Ed I think the "new" Showdown Dual Beam 5.6 is going to be big hit and will retail for $399 and the "new" Showdown Ice Troller handheld retail $199 with the optional "new" Performance Pack for $49 is a nice pricepoint for portability and fishability. I got a chance to run the 5.6 Showdown last season and this unit is quite impressive for $349. Showdown customers wanted more and MarCum is giving it to em. The camera upgrades with the new Sony HAD II cam and options on the cameras our enginneers have done a fantastic job getting ready for this season. Here is a write-up from the ICAST show of the new camera.

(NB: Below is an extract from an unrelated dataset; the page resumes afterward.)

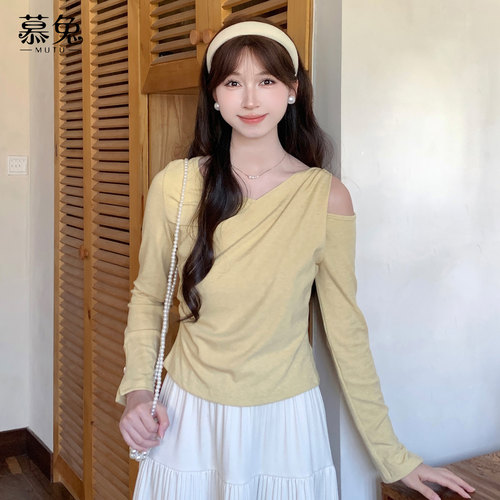 慕兔法式温柔风露肩长袖t恤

Meanwhile, a search for more high-level technology led ICAST show goers to a pair of new electronics devices. MarCum Technologies has brought virtual HD viewing quality to underwater cameras, offering the new MarCum VS825SD Viewing System. Complete with new Sony Super HAD II CCD high-resolution optics and Solar Intelligent LCD display technology, MarCum has taken underwater viewing to the same technological levels as the other fish-finding/GPS tools in your boat. The VS825SD even offers a dual switchable Color/B&W LCD that yields optimal underwater clarity in all conditions. On-screen digital displays of water temperature, depth, camera direction and battery voltage round out an ultra-packed catalog of useful features, http://www.marcumtech.com

Rebates from MarCum/Showdown will sweeten the pot to the consumer when product hit's the shelves this fall.. I am excited to get the 2010/11 ice season underway..


----------



## Backwater Eddy (Jun 16, 2003)

Sounds interesting.

Lots of new toys to think about this season...already, and more to come.


----------



## CNY Tim (Jul 1, 2005)

http://www.idofishing.com/videos/vi...ros-2010-portable-mod-gtg-marcum-technologies

MarCum updates from the Thorne Bros portable mod fest. MarCum rebates as well. Thank you In Depth for the video.


----------



## CNY Tim (Jul 1, 2005)

Ice Guide video up on In-Fisheman T.V. on the Showdown. Just click on Ice Guide video there are 3 segments loaded, $25 rebate until 31 Dec 10.

http://www.in-fisherman.com/video


----------



## CNY Tim (Jul 1, 2005)

MarCum hits U-tube..

http://www.youtube.com/user/MarcumTube# ... lr6dmJbU0o


----------



## Duckslayer100 (Apr 7, 2004)

Will those snow shields fit the LX-1?


----------



## Backwater Eddy (Jun 16, 2003)

My guess, I think yes....not 100% sure though?

I believe they use the same size dial assembly on the LX-1 as the LX-3 and LX-5.

But I could be wrong?


----------